The Imperial Ice Cream Co. was organized in 1908 and built its Huntington plant at 8th Avenue
 and 1st Street in 1921. In 1945, it was acquired by Fairmont Foods of Omaha, Nebraska.
(The name "Fairmont Foods" was derived from the location of the company's
original dairy products plant in at Fairmont, Nebraska.)

In a 1956 interview with the Huntington Advertiser, plant manager John W. File said the Huntington plan
had 54 employees and an annual payroll of approximately $200,000. File said it produced about 900,000
gallons of ice cream and sherbets each year, sold to customers in southern West Virginia, eastern Kentucky
 and southern Ohio, and delivered by a fleet of two dozen trucks. The ice cream
 was marketed under the brand name "Fairmont Imperial."

The company produced its own milk, delivered to the Huntington plant each morning in tank trucks lined
with stainless steel. The process of turning the milk into ice cream was highly automated, with the product
pumped through a complex series of pipes, tanks and vats, ending up on a packaging line that turned out
filled containers at a rate of 1,000 gallons an hour. "No hand touches it from cow to carton," File said.
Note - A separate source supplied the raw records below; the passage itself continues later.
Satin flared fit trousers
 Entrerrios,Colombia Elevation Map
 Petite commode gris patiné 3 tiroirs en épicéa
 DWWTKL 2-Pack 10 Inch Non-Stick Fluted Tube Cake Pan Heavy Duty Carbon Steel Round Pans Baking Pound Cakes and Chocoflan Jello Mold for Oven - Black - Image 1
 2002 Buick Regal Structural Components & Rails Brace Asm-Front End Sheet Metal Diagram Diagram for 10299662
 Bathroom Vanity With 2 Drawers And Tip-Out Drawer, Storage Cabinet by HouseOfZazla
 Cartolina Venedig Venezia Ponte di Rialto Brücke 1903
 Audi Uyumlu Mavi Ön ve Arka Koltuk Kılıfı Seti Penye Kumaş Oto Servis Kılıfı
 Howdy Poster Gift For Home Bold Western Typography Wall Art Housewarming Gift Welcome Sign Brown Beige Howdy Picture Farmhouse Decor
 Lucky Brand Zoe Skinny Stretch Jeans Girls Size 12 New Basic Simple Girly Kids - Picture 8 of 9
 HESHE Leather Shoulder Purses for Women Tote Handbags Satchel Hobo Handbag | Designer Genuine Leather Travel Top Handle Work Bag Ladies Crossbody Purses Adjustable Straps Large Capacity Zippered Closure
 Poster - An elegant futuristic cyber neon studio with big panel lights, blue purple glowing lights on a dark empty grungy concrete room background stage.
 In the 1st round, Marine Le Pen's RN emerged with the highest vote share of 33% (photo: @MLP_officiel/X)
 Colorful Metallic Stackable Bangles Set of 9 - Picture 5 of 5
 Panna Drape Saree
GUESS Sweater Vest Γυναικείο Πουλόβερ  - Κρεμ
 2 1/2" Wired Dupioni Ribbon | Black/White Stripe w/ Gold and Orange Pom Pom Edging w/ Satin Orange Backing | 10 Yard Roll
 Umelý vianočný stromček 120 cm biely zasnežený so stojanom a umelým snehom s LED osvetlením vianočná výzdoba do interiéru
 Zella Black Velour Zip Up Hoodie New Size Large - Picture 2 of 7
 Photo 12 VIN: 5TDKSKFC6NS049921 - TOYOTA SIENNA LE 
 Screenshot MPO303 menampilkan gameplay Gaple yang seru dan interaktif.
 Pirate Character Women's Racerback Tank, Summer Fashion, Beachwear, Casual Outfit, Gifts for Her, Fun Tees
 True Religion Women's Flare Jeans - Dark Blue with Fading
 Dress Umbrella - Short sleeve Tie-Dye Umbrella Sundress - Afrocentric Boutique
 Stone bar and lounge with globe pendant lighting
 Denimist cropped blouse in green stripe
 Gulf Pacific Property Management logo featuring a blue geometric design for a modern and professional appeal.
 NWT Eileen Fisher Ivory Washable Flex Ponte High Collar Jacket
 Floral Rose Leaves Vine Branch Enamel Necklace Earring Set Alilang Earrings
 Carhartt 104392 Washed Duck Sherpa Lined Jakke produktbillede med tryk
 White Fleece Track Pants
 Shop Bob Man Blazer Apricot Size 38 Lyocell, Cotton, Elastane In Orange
By 1961, Fairmont Foods had consolidated its ice cream production at its plant in Parkersburg and converted the
 Huntington facility into a wholesale distribution center for its dairy products. Fairmont closed its
 Huntington operation in the 1970s, and the old ice cream plant was later demolished.

In 1984, its site was used for construction of Trowbridge Manor, an 86-unit high-rise apartment building
operated by the Huntington Housing Authority. The building's namesake, Robert Trowbridge,
spent 35 years with the Housing Authority, retiring as it executive director.